_ACTIVITY_: Repeat exactly the lines below that lie between the line with "Mahir Emreli (1.FC" and the line with "Bed & Breakfast White 4*", counting both of those lines as part of the answer.

↓

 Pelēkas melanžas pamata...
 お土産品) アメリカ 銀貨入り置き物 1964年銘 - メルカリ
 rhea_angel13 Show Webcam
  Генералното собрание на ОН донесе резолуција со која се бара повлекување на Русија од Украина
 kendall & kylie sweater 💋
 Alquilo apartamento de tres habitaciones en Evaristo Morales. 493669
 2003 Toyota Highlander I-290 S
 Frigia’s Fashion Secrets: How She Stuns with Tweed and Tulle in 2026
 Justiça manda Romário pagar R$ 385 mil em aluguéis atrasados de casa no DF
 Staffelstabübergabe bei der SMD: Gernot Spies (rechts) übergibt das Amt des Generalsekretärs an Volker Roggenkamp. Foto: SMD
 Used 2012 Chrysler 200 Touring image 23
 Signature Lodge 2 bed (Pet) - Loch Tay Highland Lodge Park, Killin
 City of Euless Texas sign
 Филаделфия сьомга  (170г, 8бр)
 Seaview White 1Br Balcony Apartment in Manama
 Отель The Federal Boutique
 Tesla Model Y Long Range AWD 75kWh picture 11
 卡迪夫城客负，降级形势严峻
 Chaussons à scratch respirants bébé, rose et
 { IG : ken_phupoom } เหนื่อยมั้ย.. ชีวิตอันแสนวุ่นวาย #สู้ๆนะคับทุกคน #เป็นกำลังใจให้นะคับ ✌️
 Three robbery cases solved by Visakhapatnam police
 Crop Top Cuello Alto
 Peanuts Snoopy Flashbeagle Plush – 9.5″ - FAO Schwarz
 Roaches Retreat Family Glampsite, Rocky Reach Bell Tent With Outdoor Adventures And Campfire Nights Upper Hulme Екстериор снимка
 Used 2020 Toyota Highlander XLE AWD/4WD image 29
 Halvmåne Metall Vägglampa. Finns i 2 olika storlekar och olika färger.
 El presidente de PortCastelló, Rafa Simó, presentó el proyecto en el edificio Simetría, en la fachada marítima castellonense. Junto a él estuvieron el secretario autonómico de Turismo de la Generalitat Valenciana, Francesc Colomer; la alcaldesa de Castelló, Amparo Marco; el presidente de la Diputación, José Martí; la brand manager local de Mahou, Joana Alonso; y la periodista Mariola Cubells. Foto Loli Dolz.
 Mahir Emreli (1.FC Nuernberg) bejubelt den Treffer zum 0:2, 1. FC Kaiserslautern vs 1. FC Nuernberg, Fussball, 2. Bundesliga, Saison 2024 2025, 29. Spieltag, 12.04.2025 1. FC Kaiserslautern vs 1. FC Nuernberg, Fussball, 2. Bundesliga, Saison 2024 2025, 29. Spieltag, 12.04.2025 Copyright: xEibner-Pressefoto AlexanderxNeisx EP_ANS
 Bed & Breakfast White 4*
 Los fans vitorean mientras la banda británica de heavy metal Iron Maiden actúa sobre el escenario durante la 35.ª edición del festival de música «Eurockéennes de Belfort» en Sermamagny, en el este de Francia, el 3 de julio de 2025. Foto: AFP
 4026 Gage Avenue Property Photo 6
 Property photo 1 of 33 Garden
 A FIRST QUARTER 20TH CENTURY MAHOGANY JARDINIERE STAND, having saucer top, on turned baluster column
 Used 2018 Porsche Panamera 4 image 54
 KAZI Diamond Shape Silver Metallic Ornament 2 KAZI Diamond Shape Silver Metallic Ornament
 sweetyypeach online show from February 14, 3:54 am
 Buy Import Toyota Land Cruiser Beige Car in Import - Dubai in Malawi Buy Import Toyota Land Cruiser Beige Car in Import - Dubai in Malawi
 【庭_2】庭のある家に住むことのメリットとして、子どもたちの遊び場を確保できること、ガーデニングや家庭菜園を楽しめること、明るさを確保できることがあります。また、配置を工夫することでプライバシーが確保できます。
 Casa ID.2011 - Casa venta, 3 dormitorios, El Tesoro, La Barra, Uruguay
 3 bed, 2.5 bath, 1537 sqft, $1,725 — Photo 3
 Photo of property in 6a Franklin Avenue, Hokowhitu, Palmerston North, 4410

↑

_YOUR RESPONSE_:
 Mahir Emreli (1.FC Nuernberg) bejubelt den Treffer zum 0:2, 1. FC Kaiserslautern vs 1. FC Nuernberg, Fussball, 2. Bundesliga, Saison 2024 2025, 29. Spieltag, 12.04.2025 1. FC Kaiserslautern vs 1. FC Nuernberg, Fussball, 2. Bundesliga, Saison 2024 2025, 29. Spieltag, 12.04.2025 Copyright: xEibner-Pressefoto AlexanderxNeisx EP_ANS
 Bed & Breakfast White 4*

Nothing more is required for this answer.